Future tools can use these files to:

• Find patches for a given snapshot
• Verify patch integrity
• Optimize patch chains vs full snapshot downloads

Design

The tools rely on zcat for transparent decompression of compressed files. By default, system zcat only supports gzip, but installing zutils replaces it with a configurable decompression infrastructure that handles bzip2, gzip, lzip, xz, and zstd.

All tools work on the basis of byte-sorted N-Quads (e.g., LC_ALL=C sort -u). The .rdfp RDF patch files are sorted N-Quads prefixed with A or D for additions or deletions, respectively.

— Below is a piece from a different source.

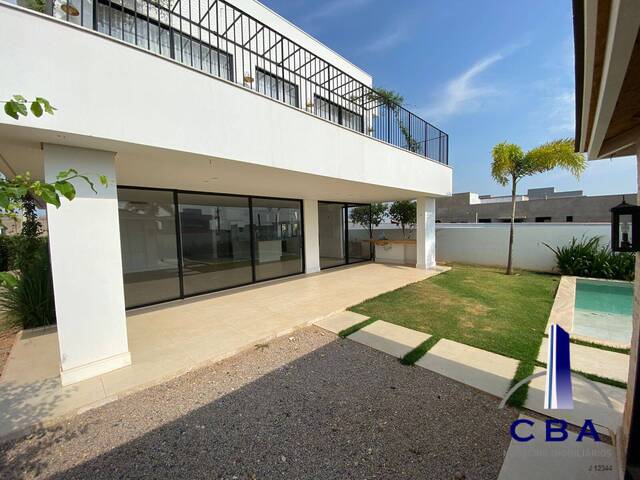 Casa para Venda em Várzea Grande - 4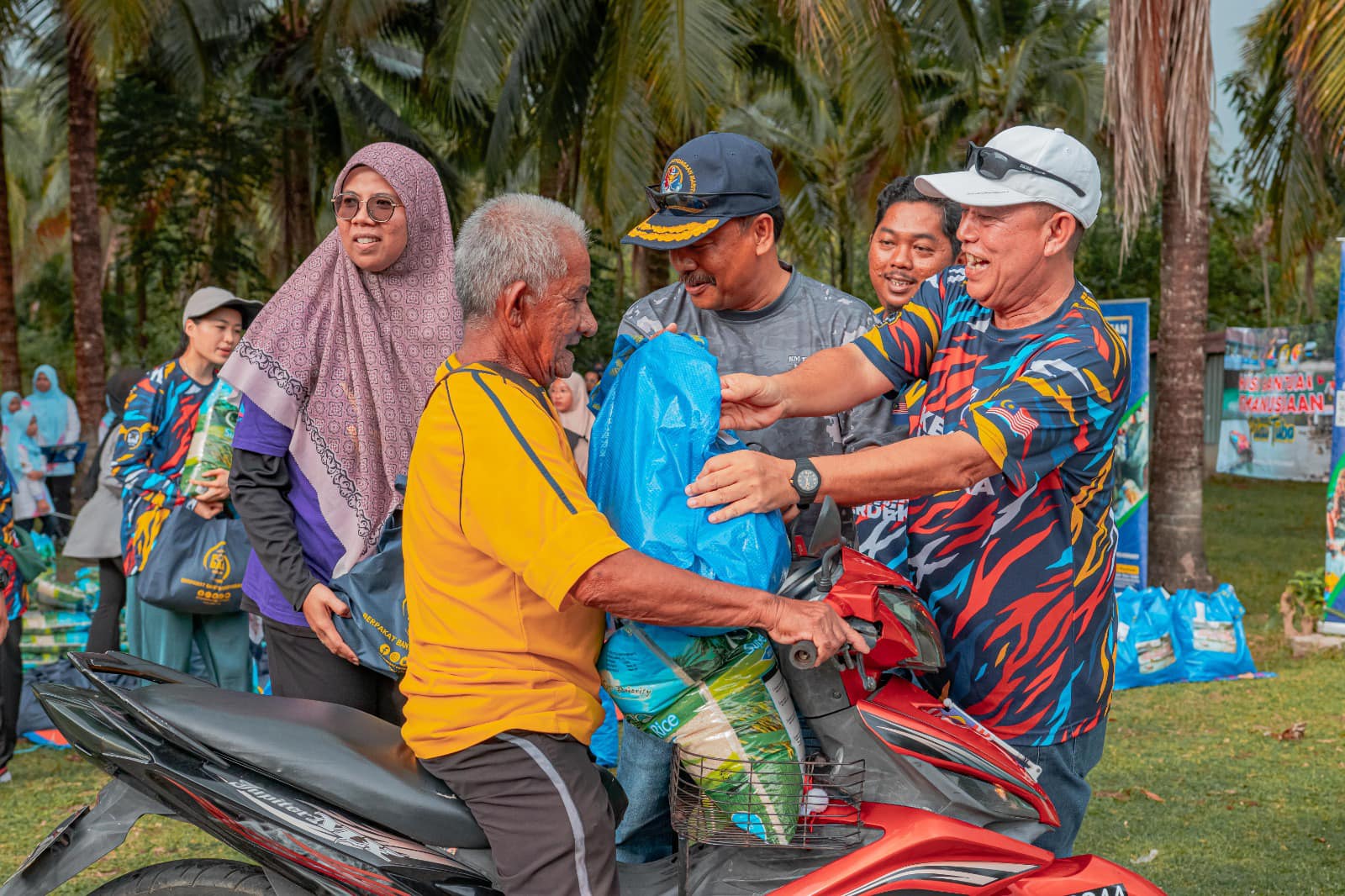 Read more about the article MISI BANTUAN KEMANUSIAAN YFBM – PULAU TUBA BERSAMA SURUHANJAYA KOMUNIKASI & MULTIMEDIA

⚠️ For maximum performance, zutils should be configured to leverage the fastest (de-)compression tools. Also, for processing multiple files simultaneously, you want to limit the resources for each tool. The following zutils configuration uses parallel versions of the compression codec tools and restricts them to 4 cores. The file can be placed under .config/zutils.conf:

bz2 = lbzip2 -n4
gz = pigz -p4
xz = pixz -p4
zst = zstd -T4
lz = lz4

The corresponding packages on Ubuntu are:

sudo apt-get install lbzip2 pigz pixz zstd lz4

Details can be found at: https://www.nongnu.org/zutils/manual/zutils_manual.html#Configuration

Docker

Build the Docker image:

docker build -t aksw/nqpatch .

Or pull from a registry:

docker pull aksw/nqpatch

Usage

⚠️ Make sure to specify --log-driver=none
Otherwise, all data from stdout will also be written to the docker logs. When processing large amounts of data, this extra logging is a severe performance hit and can easily consume up all remaining disk space.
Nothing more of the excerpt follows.